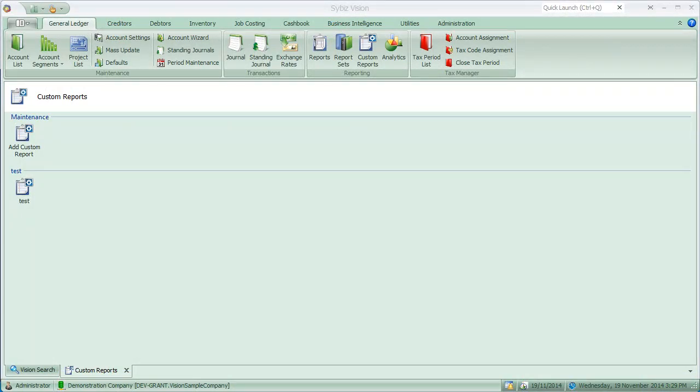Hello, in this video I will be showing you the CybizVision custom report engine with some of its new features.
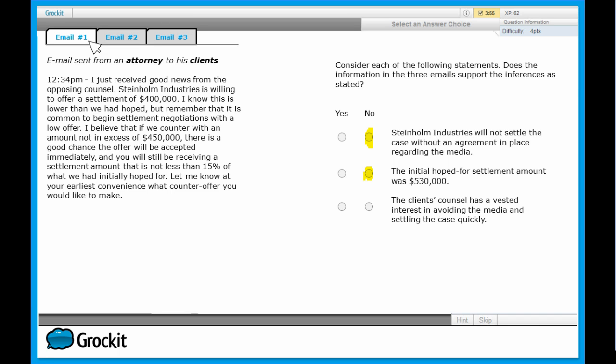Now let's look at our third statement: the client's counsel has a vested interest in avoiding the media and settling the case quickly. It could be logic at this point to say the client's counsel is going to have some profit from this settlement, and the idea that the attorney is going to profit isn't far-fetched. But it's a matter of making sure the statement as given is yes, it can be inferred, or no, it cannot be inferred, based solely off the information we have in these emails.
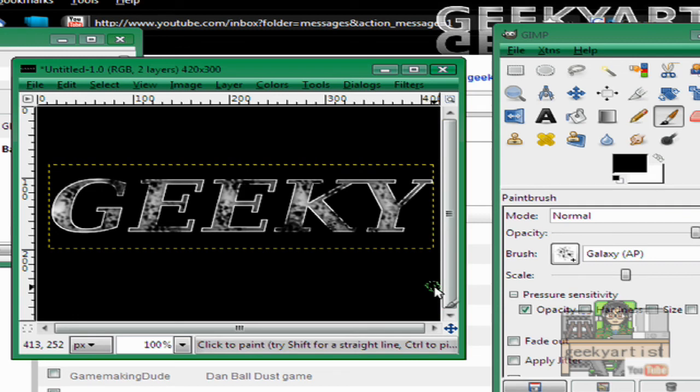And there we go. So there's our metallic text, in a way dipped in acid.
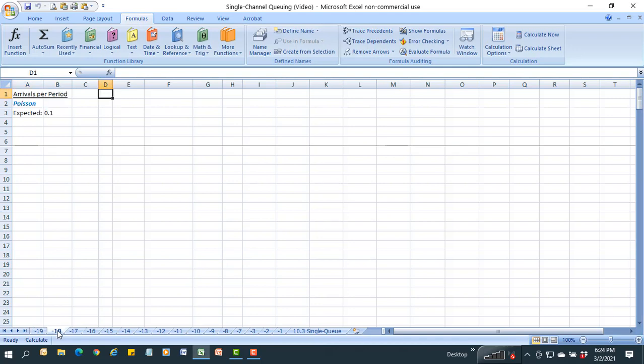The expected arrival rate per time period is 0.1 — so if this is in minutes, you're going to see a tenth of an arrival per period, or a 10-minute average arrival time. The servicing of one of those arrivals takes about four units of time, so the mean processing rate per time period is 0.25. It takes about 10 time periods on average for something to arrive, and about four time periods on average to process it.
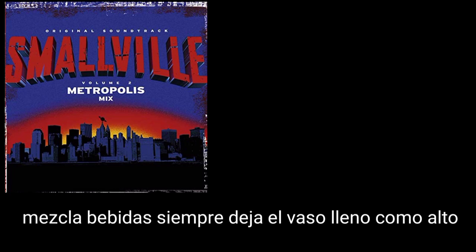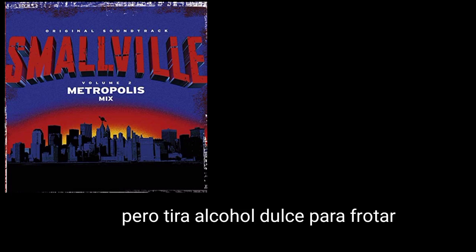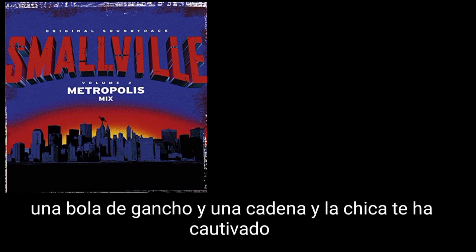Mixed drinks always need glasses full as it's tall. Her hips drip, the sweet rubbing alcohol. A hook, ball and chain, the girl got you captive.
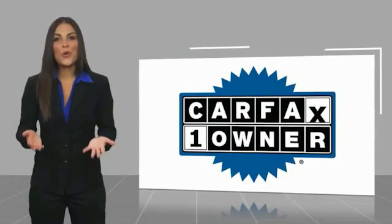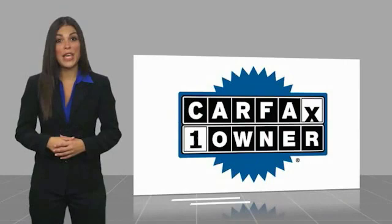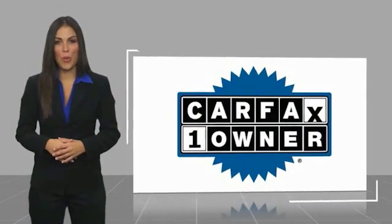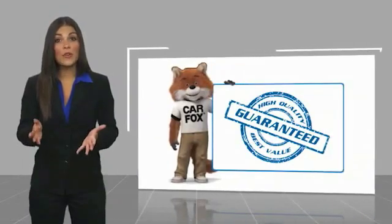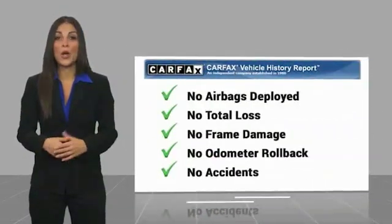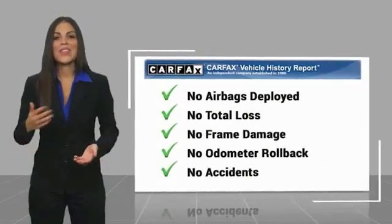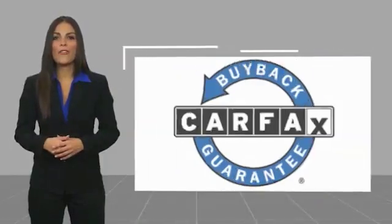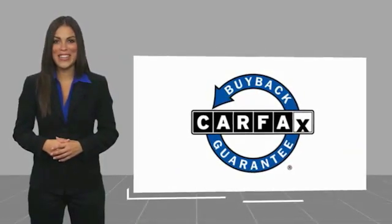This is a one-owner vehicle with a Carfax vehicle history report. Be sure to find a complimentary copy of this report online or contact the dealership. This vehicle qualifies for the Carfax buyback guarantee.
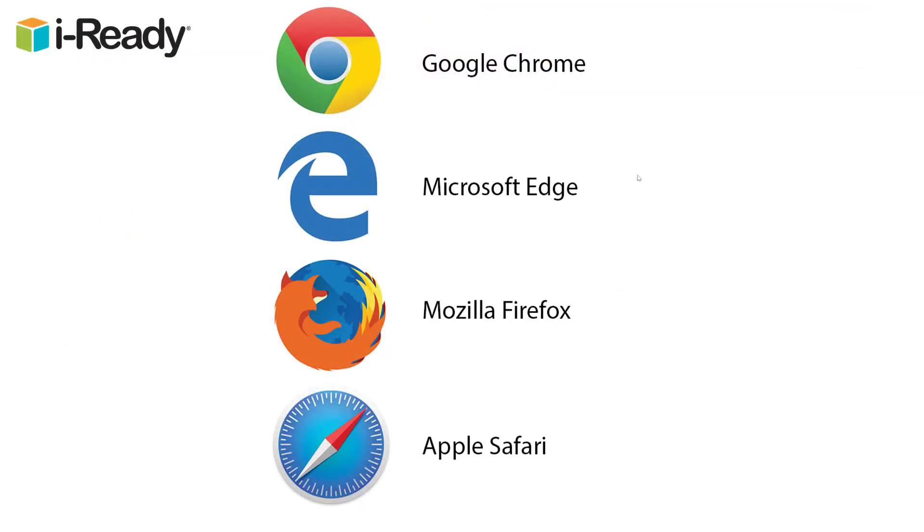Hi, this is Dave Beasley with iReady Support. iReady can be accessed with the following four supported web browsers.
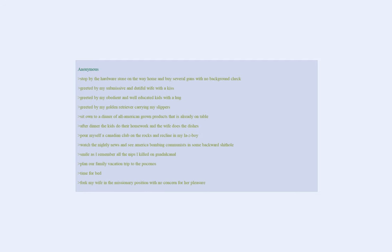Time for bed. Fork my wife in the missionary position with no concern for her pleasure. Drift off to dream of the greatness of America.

---

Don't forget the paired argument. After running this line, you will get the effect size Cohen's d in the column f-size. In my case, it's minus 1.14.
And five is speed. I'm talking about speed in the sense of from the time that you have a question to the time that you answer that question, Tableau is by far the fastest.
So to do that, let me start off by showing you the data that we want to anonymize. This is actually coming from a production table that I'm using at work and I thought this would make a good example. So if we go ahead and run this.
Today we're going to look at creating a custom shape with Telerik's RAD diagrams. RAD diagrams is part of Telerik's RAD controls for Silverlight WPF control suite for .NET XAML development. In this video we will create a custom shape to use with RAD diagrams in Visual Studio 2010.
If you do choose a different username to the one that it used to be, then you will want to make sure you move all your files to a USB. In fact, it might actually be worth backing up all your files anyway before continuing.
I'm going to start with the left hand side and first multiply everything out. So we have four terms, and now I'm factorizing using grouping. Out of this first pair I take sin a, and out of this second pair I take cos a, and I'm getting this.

* * *

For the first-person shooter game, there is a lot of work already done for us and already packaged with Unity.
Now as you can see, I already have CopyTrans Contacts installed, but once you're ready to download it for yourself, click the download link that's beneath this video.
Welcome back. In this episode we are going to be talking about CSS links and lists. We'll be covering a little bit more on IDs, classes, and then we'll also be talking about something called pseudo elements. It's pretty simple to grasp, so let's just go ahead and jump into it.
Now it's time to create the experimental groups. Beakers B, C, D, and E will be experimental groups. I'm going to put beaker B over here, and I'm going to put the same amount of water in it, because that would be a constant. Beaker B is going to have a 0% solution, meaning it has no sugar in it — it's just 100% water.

Problem: For the records above, state how many lines contain "start", and nothing more.

Result of this task: 2